◆ Goal of the exercise
Copy the entries word for word. Keep the pictures out.

◆ Data listing
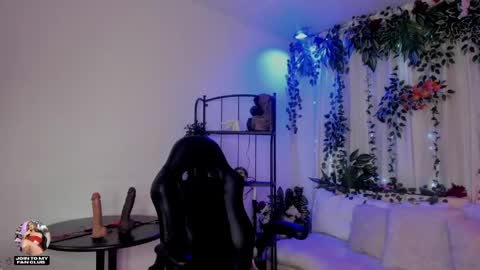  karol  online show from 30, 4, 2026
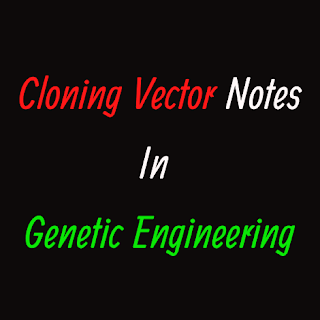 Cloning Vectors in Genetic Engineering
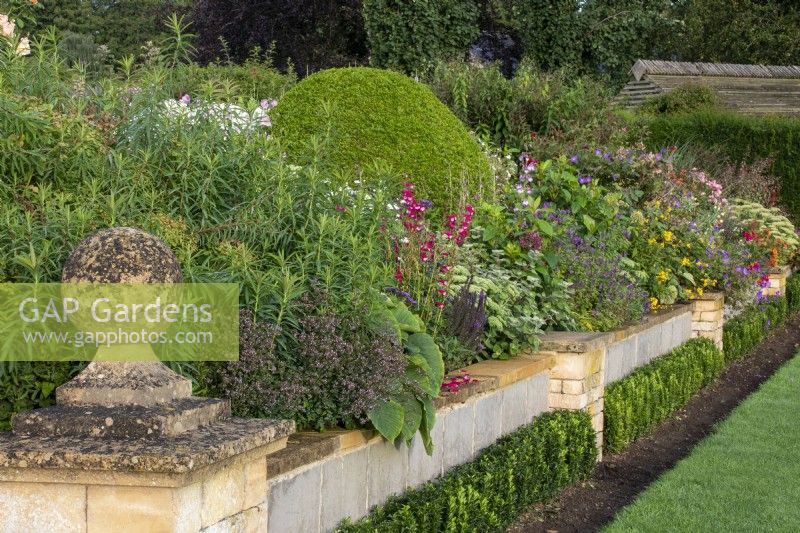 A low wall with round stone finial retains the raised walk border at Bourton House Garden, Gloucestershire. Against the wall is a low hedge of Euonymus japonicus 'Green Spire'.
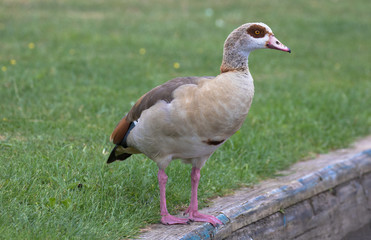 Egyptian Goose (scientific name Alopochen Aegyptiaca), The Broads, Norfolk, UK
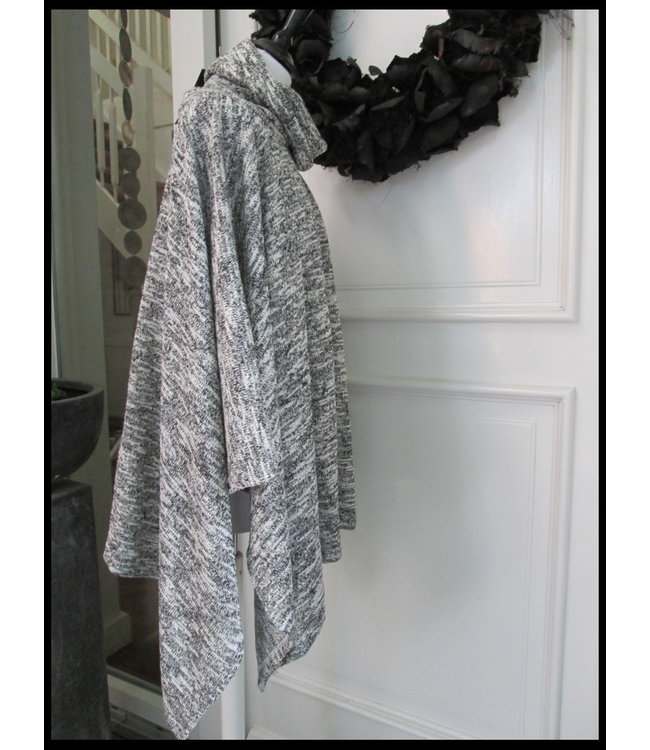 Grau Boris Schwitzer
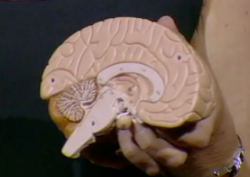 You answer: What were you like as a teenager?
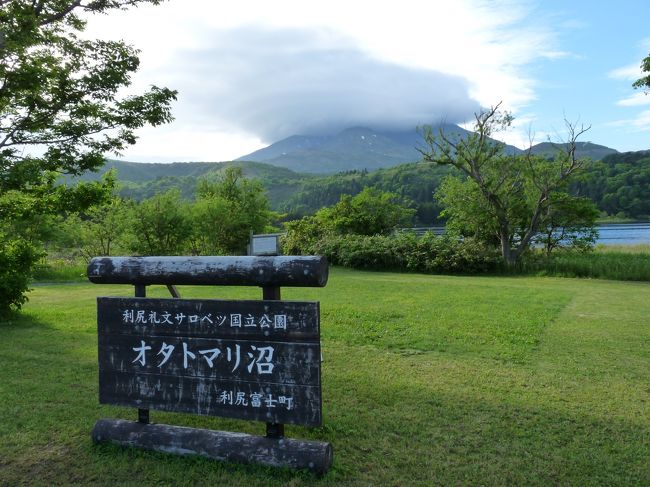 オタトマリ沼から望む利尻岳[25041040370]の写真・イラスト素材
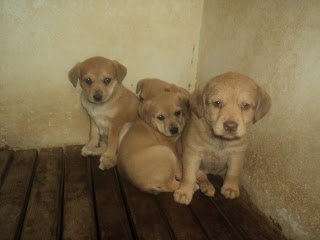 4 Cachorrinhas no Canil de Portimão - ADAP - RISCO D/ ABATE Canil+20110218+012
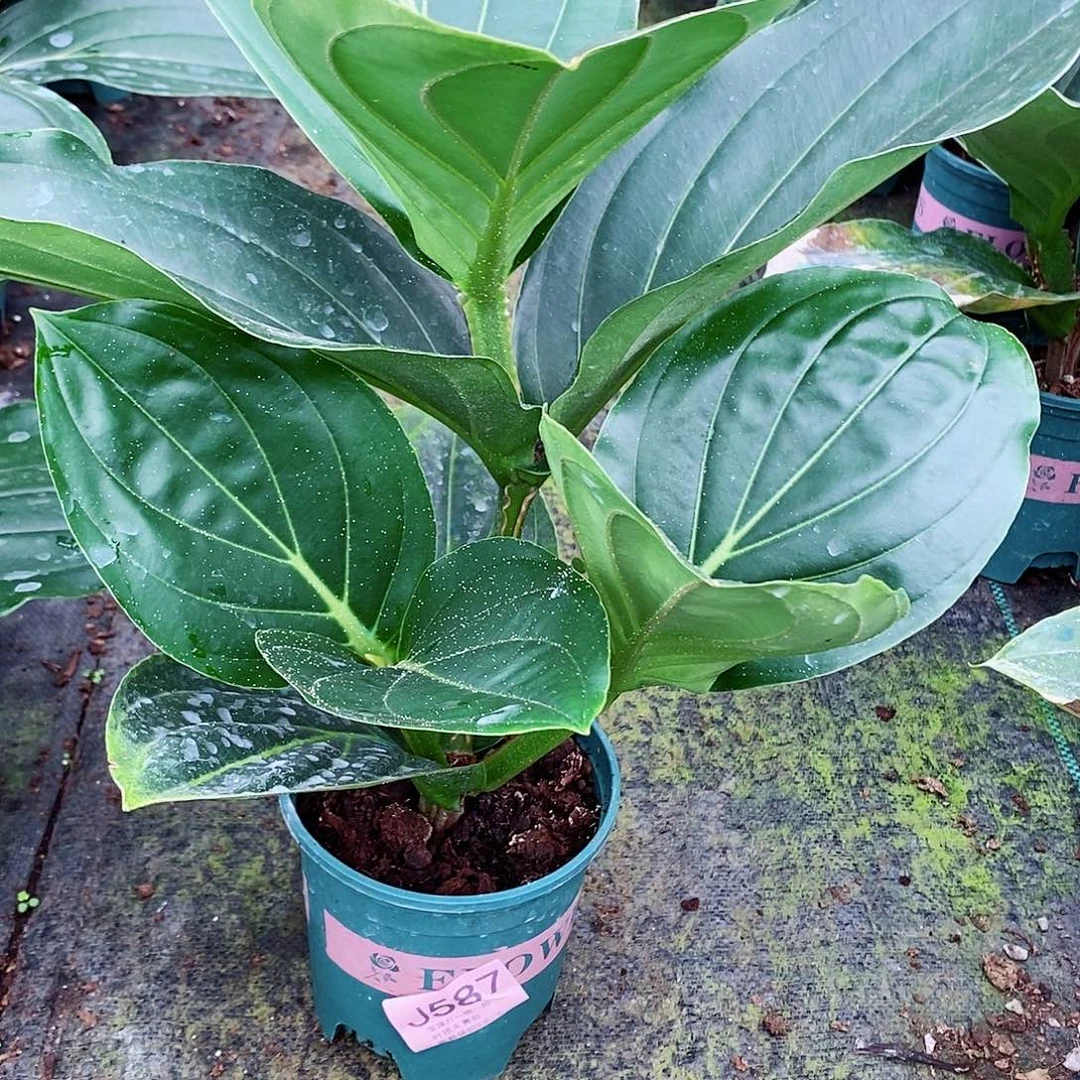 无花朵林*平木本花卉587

◆ Written solution
  karol  online show from 30, 4, 2026
 Cloning Vectors in Genetic Engineering
 A low wall with round stone finial retains the raised walk border at Bourton House Garden, Gloucestershire. Against the wall is a low hedge of Euonymus japonicus 'Green Spire'.
 Egyptian Goose (scientific name Alopochen Aegyptiaca), The Broads, Norfolk, UK
 Grau Boris Schwitzer
 You answer: What were you like as a teenager?
 オタトマリ沼から望む利尻岳[25041040370]の写真・イラスト素材
 4 Cachorrinhas no Canil de Portimão - ADAP - RISCO D/ ABATE Canil+20110218+012
 无花朵林*平木本花卉587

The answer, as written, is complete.